Sermon–March 16, 2014–Lent 2A

Second Sunday in Lent A
Preached at Faith Lutheran Church, Three Lakes, WI.

Genesis 12:1-4a
Psalm 121
Romans 4:1-5, 13-17
John 3:1-17

In 1975, Bill Hybels met with 125 other people in Willow Creek Theatre in Palatine, IL, and organized a new church. Over the next 35 years, the church grew and grew until over 20,000 people were worshiping there every week.

The secret to getting more people following Jesus, they said, was to first get them in the door. That’s the hard part. Once in the door, you cater programs and services to them which engage them as they are. Figure out what drives them, what they want and desire, and build your church and your programs around that.

Using this system, Willow Creek experienced this remarkable growth in membership. The numbers were there, and where there were numbers, good things happened.
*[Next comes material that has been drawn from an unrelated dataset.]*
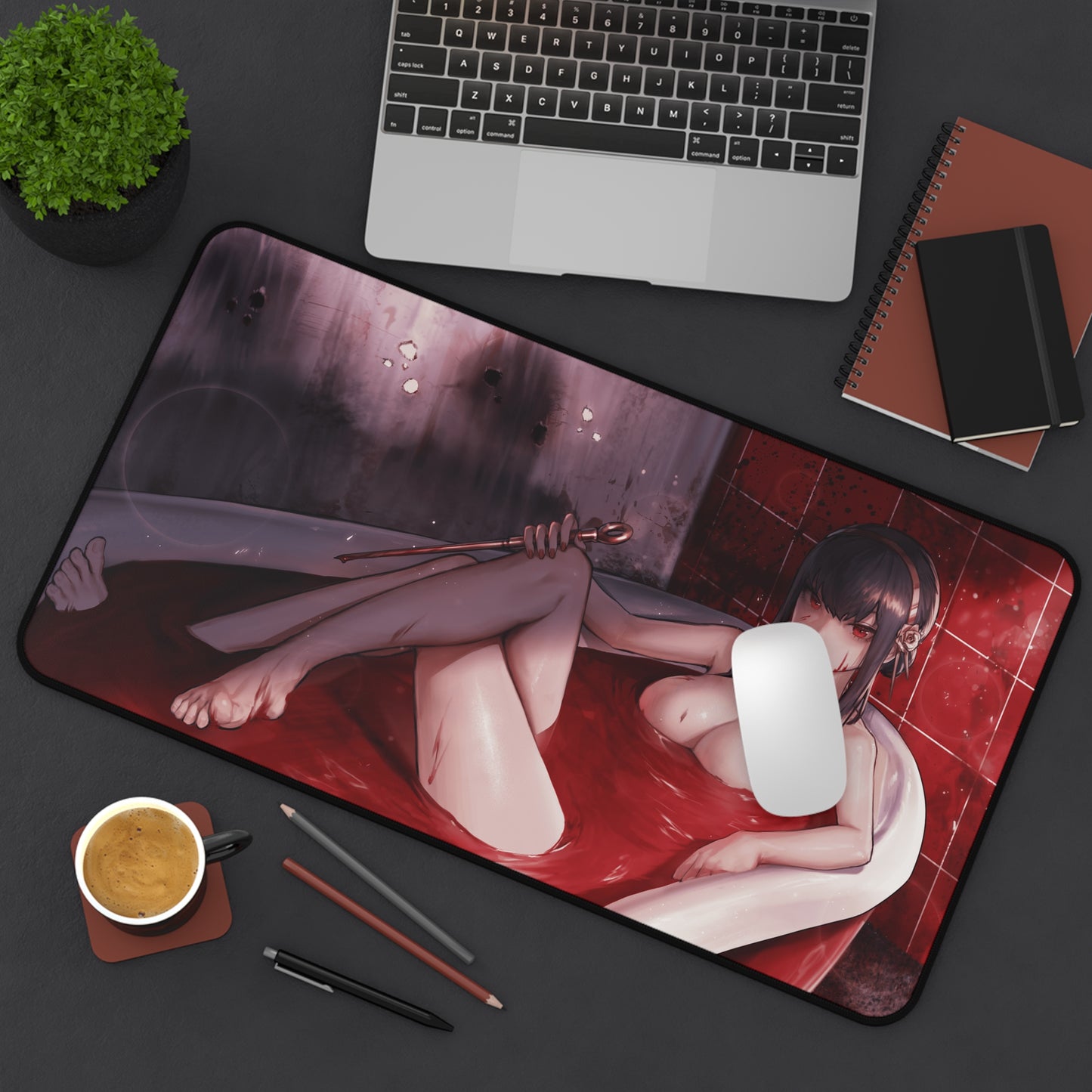 Spy x Family Yor Briar Nude bloody Bath Desk Mat - Non Slip Mousepad - Sexy Girl Playmat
Then, in 2007, Willow Creek released the results of a multi-year study of their programs, practices, and the spiritual health of their members. The results of that study could be summed up in three little words:

We were wrong.

What Willow Creek discovered was that their method, their system that they had designed themselves, the system that succeeded in bringing 20,000 people through the doors every week did very little to actually grow the faith of the people. The people they attracted, whom they targeted with carefully crafted programs and services, to whom they advertised as if they were consumers, never made the leap into being active disciples in the faith.

They had filled the building with people, but as many as they brought in each year, the same number were leaving out the back, weary of the product that brought them there. An obsession with numbers was killing the church.

Whether Willow Creek has actually learned from their own study is still up for debate. It is difficult to let go of something you’ve invested so much of yourself in, particularly when you still have 20,000 people showing up and funding you. But the message still rings true for others to hear—numbers don’t equal health. Gimmicks, programs, and attractions don’t create faith.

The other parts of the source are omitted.